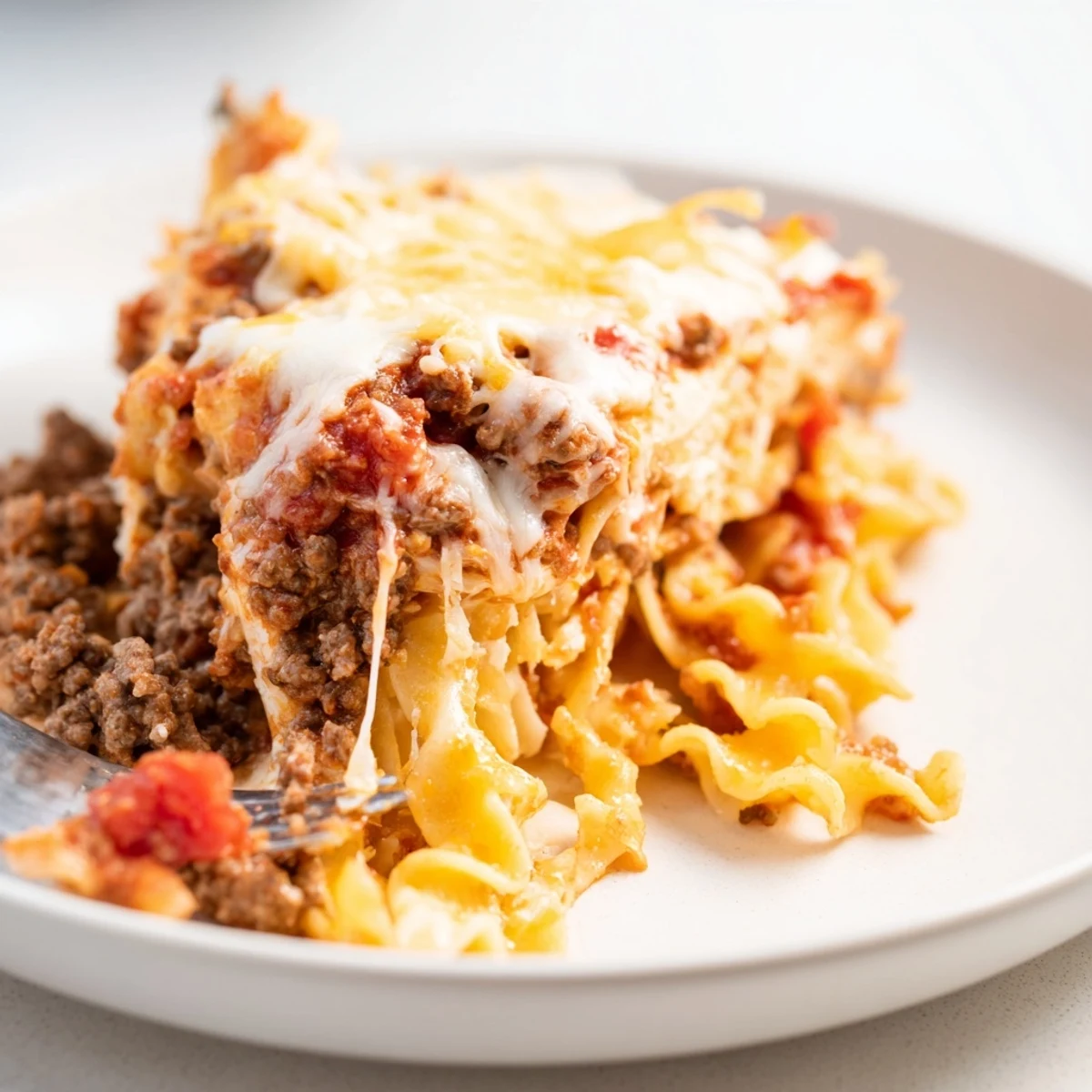 Beef Lombardi Casserole bubbling with melted cheddar, golden top, steaming slices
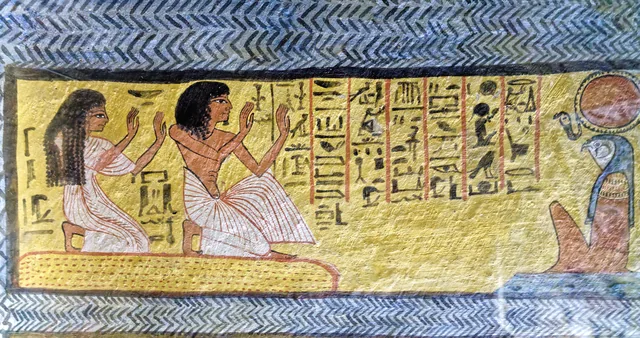 Sennedjem and Iyneferti kneeling in adoration, Ancient Egypt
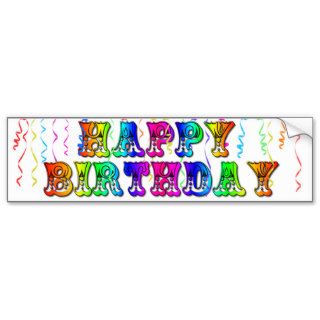 Happy Birthday Circus Font Bumper Sticker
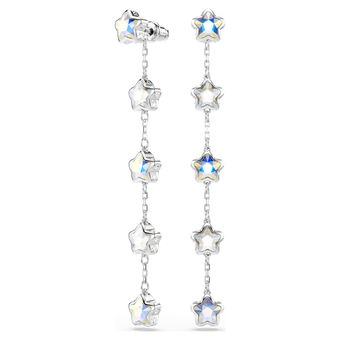 swarovski أقراط chroma، قطع متنوع، نجمة، لون أبيض، طلاء روديوم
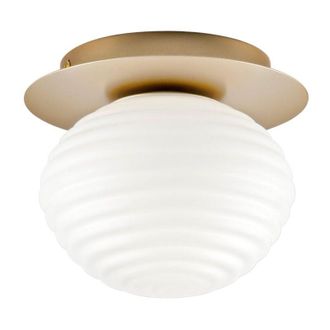 Luce-Ambiente-Design Plafoniera RIPPLE in metallo oro con diffusore in vetro bianco 20 cm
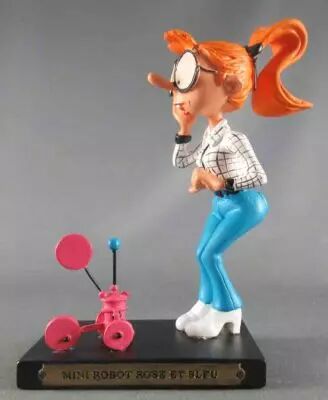 Gaston Lagaffe - Figurine R�sine Plastoy - Mlle Jeanne & Mini Robot Rose et Bleu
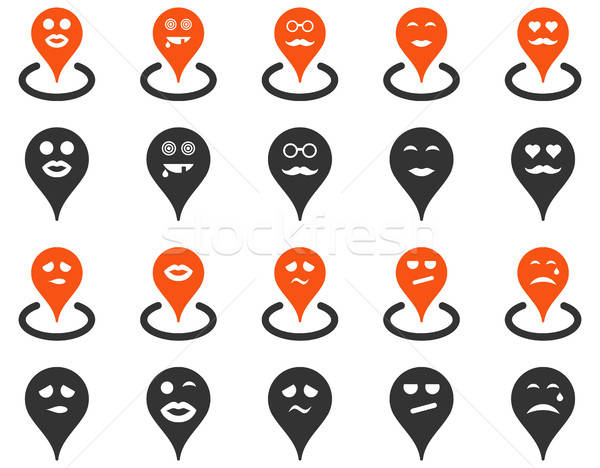 Stock photo: Smiled map marker icons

• Work to complete:
Although the records contain pictures, only the text should be copied, exactly as it stands.

• Solution below:
 Beef Lombardi Casserole bubbling with melted cheddar, golden top, steaming slices
 Sennedjem and Iyneferti kneeling in adoration, Ancient Egypt
 Happy Birthday Circus Font Bumper Sticker
 swarovski أقراط chroma، قطع متنوع، نجمة، لون أبيض، طلاء روديوم
 Luce-Ambiente-Design Plafoniera RIPPLE in metallo oro con diffusore in vetro bianco 20 cm
 Gaston Lagaffe - Figurine R�sine Plastoy - Mlle Jeanne & Mini Robot Rose et Bleu
 Stock photo: Smiled map marker icons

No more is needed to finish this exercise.